PROBLEM REQUIREMENTS:
Set down exactly the lines in the records below that run from the line with "BASKETBALL - VORBEREITUNG" to the line with "Belted navy/white animal", inclusive, and nothing more.

Records from a data collection
■ ■ ■ ■
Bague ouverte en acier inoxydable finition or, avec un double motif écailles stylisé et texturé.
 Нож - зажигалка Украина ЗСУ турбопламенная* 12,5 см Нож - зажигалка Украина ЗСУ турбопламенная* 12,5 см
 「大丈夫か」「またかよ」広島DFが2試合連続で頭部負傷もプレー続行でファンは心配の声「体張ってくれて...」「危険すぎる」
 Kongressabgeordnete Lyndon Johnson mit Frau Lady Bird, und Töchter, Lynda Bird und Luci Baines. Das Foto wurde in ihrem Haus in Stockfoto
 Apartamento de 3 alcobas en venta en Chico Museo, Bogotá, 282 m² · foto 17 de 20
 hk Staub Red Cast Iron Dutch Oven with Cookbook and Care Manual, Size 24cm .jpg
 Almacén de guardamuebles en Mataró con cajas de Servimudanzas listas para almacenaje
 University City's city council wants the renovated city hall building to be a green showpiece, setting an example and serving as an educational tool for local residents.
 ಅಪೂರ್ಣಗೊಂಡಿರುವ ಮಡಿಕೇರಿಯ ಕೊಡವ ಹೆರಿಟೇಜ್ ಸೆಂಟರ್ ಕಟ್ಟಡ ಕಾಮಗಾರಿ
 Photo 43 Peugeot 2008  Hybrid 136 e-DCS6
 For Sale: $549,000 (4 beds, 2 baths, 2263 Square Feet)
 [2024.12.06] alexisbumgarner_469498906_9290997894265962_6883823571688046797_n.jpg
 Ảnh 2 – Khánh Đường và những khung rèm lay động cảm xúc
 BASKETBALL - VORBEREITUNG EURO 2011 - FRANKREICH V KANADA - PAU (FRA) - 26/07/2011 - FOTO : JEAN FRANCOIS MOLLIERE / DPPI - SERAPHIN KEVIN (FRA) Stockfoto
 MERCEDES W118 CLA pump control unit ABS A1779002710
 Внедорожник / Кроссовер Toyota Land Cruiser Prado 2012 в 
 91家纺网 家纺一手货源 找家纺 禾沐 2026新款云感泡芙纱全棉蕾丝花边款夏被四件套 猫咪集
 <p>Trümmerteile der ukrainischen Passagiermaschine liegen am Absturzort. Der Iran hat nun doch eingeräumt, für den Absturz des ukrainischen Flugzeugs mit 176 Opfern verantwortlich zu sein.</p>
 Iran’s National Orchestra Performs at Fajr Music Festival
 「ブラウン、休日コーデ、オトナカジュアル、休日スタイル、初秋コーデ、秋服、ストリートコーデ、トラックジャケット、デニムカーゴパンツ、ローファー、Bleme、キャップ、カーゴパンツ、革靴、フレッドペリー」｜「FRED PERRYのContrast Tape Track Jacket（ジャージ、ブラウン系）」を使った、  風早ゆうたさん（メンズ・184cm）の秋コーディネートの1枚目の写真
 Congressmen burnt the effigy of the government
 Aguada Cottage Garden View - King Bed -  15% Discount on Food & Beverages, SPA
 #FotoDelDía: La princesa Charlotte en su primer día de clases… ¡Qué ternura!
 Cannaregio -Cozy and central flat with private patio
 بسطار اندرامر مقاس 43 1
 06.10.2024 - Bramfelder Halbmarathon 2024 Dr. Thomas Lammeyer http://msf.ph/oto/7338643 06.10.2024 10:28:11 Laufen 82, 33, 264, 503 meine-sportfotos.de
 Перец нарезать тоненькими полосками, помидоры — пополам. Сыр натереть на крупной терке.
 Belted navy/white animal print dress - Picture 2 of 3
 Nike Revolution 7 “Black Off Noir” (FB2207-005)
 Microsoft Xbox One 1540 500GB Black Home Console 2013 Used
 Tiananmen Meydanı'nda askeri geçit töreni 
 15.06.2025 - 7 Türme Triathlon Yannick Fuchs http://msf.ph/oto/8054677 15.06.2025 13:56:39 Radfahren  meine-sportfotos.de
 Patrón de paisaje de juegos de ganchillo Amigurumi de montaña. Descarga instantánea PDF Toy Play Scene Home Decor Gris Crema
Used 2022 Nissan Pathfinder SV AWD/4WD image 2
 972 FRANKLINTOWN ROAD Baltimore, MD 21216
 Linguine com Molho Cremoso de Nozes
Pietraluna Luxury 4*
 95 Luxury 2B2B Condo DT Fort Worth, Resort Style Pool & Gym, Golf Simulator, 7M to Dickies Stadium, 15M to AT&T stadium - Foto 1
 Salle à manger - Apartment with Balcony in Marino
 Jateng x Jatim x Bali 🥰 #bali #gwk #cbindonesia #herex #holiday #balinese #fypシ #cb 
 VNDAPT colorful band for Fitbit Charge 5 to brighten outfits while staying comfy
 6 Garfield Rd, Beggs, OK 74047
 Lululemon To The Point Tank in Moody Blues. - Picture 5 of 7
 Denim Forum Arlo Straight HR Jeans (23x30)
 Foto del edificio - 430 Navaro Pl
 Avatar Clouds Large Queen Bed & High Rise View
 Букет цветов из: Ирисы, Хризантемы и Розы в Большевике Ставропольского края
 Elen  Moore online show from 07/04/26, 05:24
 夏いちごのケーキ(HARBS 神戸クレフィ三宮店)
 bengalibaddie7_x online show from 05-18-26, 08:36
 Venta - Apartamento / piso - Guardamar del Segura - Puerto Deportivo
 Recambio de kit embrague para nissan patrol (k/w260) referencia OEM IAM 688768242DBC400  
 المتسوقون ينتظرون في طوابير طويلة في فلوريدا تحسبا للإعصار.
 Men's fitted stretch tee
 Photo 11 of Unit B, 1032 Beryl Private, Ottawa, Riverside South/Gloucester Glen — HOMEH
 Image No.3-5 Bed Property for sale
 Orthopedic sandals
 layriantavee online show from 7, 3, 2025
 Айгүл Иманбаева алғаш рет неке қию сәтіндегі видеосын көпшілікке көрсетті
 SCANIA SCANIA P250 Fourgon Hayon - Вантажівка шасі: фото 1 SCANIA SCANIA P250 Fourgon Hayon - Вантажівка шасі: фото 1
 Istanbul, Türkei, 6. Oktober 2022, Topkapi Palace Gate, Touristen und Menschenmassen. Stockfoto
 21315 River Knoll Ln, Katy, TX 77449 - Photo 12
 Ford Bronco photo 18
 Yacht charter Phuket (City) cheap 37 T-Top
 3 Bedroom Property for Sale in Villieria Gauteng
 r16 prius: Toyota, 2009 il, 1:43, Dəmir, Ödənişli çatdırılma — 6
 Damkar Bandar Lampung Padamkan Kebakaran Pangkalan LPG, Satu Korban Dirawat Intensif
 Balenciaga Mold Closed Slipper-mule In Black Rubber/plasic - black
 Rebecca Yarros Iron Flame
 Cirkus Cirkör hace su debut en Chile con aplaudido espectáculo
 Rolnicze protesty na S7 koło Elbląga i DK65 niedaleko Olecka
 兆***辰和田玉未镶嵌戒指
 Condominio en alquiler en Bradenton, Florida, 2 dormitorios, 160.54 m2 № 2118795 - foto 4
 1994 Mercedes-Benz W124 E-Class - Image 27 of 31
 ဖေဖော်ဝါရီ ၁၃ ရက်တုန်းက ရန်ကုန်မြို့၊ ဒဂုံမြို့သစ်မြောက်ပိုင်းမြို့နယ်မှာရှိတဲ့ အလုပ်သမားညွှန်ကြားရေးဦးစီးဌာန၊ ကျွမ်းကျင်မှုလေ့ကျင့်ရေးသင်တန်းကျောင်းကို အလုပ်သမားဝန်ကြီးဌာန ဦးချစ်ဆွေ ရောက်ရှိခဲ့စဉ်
■ ■ ■ ■
ANSWER TO THIS TASK:
 BASKETBALL - VORBEREITUNG EURO 2011 - FRANKREICH V KANADA - PAU (FRA) - 26/07/2011 - FOTO : JEAN FRANCOIS MOLLIERE / DPPI - SERAPHIN KEVIN (FRA) Stockfoto
 MERCEDES W118 CLA pump control unit ABS A1779002710
 Внедорожник / Кроссовер Toyota Land Cruiser Prado 2012 в 
 91家纺网 家纺一手货源 找家纺 禾沐 2026新款云感泡芙纱全棉蕾丝花边款夏被四件套 猫咪集
 <p>Trümmerteile der ukrainischen Passagiermaschine liegen am Absturzort. Der Iran hat nun doch eingeräumt, für den Absturz des ukrainischen Flugzeugs mit 176 Opfern verantwortlich zu sein.</p>
 Iran’s National Orchestra Performs at Fajr Music Festival
 「ブラウン、休日コーデ、オトナカジュアル、休日スタイル、初秋コーデ、秋服、ストリートコーデ、トラックジャケット、デニムカーゴパンツ、ローファー、Bleme、キャップ、カーゴパンツ、革靴、フレッドペリー」｜「FRED PERRYのContrast Tape Track Jacket（ジャージ、ブラウン系）」を使った、  風早ゆうたさん（メンズ・184cm）の秋コーディネートの1枚目の写真
 Congressmen burnt the effigy of the government
 Aguada Cottage Garden View - King Bed -  15% Discount on Food & Beverages, SPA
 #FotoDelDía: La princesa Charlotte en su primer día de clases… ¡Qué ternura!
 Cannaregio -Cozy and central flat with private patio
 بسطار اندرامر مقاس 43 1
 06.10.2024 - Bramfelder Halbmarathon 2024 Dr. Thomas Lammeyer http://msf.ph/oto/7338643 06.10.2024 10:28:11 Laufen 82, 33, 264, 503 meine-sportfotos.de
 Перец нарезать тоненькими полосками, помидоры — пополам. Сыр натереть на крупной терке.
 Belted navy/white animal print dress - Picture 2 of 3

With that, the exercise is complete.